Week ahead in committees

Even though the Commons is only sitting for two days next week, MPs still manage to cram in some fairly significant committee business....and as Easter looms, watch out for some important reports.

Here's my rundown...


The Public Accounts Committee goes walkabout to take evidence at Barking Town Hall (in Chair Margaret Hodge's constituency) on capital funding for new school places, based on a report from the National Audit Office - in other words, with a quarter of a million new places needed in schools in England, are the expanding schools getting the buildings they need? The committee will visit a local primary and secondary school in the area to see some of the problems of finding classroom space. Chris Wormald, permanent secretary at the Department of Education, will be quizzed at 3.15pm.

Back on the committee corridor, the Treasury Committee have a busy couple of days as they hold three evidence sessions on the Budget, culminating in an appearance by the Chancellor George Osborne. To tee that up, they speak first to economists from Citigroup, Capital Economics and Goldman Sachs, followed by the tax and spending think-tank, the Institute of Fiscal Studies, followed by John Cridland, the director general of the CBI, and Paul Smee, director general of the Council of Mortgage Lenders.

The Communities and Local Government Committee (at 4.10pm) holds its sixth evidence session on the private rented sector, with the mayor of Newham, Sir Robin Wales, topping the witness list. Newham introduced compulsory licensing for all landlords in the private rented sector from January 2013.


The Treasury Committee (at 10am) continues to hear from the independent numbers tsar, Robert Chote, chairman of the Office for Budget Responsibility. It's the quango set up by George Osborne to provide independent economic statistics and forecasts, as it continues its inquiry into the Budget. And in the afternoon, at 2.15pm, the committee reconvenes to hear from the Chancellor himself, George Osborne.

The International Development Committee (at 9.30am) has its second evidence-taking session on Global Food Security. With the G8 event on malnutrition fast approaching, and the NGO campaign on hunger also ongoing, this session is an opportunity for the committee to explore some of the broader strategic issues relating to food security, and to examine the respective roles of various key institutions. The first panel includes representatives of the World Food Programme (WFP), Food and Agricultural Organisation (FAO) and the Global Alliance for Improved Nutrition (GAIN). The second panel includes the UK government's Chief Scientific Adviser, Sir John Beddington, together with the heads of the International Fund for Agricultural Development (IFAD) and the International Food Policy Research Institute (IFPRI).

The Business, Innovation and Skills Committee (at 11.30am) will hear from Secretary of State Vince Cable in its final evidence session for its inquiry into the Kay Review of UK Equity Markets and Long-term Decision Making - this is a coalition wedge issue.
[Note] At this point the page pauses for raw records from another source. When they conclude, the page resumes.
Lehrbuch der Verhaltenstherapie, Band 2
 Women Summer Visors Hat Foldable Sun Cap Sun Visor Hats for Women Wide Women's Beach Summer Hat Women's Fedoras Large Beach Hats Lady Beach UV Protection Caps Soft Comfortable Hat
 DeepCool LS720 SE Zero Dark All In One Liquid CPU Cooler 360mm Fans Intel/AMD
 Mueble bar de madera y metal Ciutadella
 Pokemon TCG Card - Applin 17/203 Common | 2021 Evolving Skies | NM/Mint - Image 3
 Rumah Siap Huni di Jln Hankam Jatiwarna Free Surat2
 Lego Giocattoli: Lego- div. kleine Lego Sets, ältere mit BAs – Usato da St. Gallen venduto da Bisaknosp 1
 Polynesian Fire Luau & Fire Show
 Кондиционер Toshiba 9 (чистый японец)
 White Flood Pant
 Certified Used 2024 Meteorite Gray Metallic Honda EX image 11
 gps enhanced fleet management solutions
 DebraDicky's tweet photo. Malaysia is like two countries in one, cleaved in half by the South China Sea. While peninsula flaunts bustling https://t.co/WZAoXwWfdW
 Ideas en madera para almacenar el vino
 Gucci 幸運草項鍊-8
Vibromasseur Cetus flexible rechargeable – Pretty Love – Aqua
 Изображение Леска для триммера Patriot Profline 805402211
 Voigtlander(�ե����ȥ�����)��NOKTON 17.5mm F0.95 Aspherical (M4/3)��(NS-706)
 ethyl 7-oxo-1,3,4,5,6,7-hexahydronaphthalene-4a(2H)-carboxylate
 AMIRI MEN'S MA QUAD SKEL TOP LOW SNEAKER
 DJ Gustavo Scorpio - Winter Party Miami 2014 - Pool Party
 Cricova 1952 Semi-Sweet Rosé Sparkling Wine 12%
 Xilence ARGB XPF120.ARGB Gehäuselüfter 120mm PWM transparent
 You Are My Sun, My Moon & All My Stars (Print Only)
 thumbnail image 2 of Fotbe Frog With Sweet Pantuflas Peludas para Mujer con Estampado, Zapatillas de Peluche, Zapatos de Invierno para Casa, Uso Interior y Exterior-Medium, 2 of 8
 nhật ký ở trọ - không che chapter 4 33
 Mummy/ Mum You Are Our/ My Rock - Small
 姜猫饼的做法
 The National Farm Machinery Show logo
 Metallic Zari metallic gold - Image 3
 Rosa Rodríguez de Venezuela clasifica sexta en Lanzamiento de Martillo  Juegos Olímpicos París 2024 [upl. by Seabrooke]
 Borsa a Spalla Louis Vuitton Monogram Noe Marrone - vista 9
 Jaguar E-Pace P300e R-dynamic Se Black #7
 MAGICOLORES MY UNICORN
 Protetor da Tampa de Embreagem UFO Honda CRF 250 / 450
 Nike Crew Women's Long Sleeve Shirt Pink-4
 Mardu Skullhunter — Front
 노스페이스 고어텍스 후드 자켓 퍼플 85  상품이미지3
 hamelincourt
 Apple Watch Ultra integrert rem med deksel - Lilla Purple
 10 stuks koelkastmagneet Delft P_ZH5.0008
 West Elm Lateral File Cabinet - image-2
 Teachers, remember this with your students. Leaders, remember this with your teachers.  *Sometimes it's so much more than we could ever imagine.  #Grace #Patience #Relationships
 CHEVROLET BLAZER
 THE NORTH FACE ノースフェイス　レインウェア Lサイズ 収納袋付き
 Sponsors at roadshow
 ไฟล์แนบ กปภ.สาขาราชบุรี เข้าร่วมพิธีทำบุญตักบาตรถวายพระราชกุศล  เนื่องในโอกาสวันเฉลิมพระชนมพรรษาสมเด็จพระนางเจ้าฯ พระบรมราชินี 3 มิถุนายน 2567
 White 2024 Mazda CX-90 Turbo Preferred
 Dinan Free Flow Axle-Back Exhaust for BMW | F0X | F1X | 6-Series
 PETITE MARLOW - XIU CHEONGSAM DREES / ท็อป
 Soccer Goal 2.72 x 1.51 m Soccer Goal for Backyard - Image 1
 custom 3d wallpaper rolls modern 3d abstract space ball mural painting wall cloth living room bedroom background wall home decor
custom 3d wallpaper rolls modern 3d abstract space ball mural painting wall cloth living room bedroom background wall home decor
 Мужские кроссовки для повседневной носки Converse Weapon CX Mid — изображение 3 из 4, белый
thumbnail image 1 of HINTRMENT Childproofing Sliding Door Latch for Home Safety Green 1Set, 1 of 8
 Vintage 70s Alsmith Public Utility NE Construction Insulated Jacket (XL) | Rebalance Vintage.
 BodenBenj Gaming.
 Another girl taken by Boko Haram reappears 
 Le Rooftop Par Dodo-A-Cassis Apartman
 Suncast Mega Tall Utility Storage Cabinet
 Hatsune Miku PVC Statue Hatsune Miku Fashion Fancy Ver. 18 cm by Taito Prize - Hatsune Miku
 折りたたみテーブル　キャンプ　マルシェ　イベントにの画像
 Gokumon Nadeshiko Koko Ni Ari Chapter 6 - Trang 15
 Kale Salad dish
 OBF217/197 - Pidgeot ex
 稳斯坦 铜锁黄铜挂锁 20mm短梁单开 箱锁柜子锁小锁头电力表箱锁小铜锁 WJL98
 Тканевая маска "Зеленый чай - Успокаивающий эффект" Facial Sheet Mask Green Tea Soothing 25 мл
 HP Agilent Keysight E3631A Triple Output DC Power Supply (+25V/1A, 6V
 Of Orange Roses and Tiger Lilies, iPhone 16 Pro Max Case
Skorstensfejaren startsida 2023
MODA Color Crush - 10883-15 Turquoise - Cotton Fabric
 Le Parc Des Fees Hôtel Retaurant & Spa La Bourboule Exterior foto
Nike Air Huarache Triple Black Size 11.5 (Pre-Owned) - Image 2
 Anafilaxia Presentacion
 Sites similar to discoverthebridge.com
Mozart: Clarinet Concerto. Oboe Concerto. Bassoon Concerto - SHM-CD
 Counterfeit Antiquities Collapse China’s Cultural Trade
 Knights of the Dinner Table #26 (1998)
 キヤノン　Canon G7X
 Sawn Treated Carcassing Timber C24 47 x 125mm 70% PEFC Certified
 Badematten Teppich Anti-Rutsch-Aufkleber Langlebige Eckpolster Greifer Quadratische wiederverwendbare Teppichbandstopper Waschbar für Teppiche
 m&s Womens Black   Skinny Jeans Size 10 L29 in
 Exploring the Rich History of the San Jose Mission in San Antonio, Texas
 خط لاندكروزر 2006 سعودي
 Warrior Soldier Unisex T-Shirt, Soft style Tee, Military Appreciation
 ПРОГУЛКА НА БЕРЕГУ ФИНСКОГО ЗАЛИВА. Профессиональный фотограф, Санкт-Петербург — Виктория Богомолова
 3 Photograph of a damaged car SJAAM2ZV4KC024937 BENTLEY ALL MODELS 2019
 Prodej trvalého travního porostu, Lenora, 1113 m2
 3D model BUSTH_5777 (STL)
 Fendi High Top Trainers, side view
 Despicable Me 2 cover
Dr Cable is thought to believe that the City is not good enough at investing in UK industry, and may well highlight disagreements with Conservative colleagues in the Treasury.

The Culture, Media and Sport Committee (at 10.30am) takes evidence on support for creative industries from witnesses including Sandie Shaw, chair of the Featured Artists Coalition and the Energy and Climate Change Committee (at 10.30am) examines the Renewable Heat Incentive which is designed to encourage technologies like ground source heat pumps and biomass boilers in homes and businesses. Their manufacturers give evidence.